* _Task to carry out_:
This exercise calls for the line with "Un dormitorio con", the line with "CCORI’s Cocina Óptima", and all lines between them in the material below, output exactly and with no other lines.

* _Given records_:
━━━━━━

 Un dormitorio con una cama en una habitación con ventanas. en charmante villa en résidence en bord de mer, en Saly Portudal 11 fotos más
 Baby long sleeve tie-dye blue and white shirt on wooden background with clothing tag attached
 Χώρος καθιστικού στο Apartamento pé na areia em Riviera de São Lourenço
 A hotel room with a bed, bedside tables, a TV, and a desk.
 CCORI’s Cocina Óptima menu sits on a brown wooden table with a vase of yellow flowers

━━━━━━

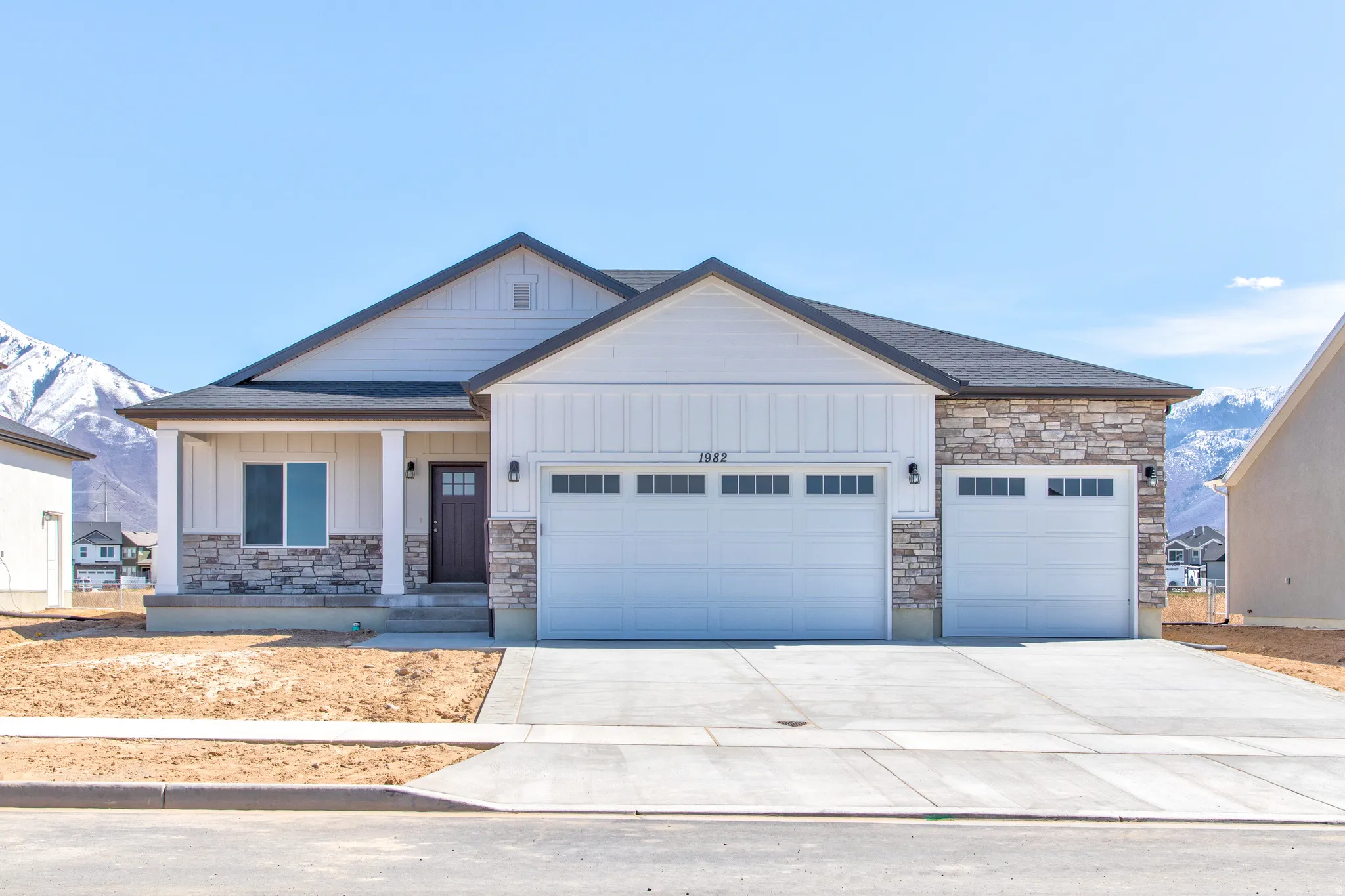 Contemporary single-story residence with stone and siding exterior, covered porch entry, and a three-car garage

━━━━━━

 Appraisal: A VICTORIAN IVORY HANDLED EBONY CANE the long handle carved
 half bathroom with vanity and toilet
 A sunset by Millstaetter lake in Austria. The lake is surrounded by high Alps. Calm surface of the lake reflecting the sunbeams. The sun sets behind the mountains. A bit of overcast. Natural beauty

━━━━━━

* _Result_:
 Un dormitorio con una cama en una habitación con ventanas. en charmante villa en résidence en bord de mer, en Saly Portudal 11 fotos más
 Baby long sleeve tie-dye blue and white shirt on wooden background with clothing tag attached
 Χώρος καθιστικού στο Apartamento pé na areia em Riviera de São Lourenço
 A hotel room with a bed, bedside tables, a TV, and a desk.
 CCORI’s Cocina Óptima menu sits on a brown wooden table with a vase of yellow flowers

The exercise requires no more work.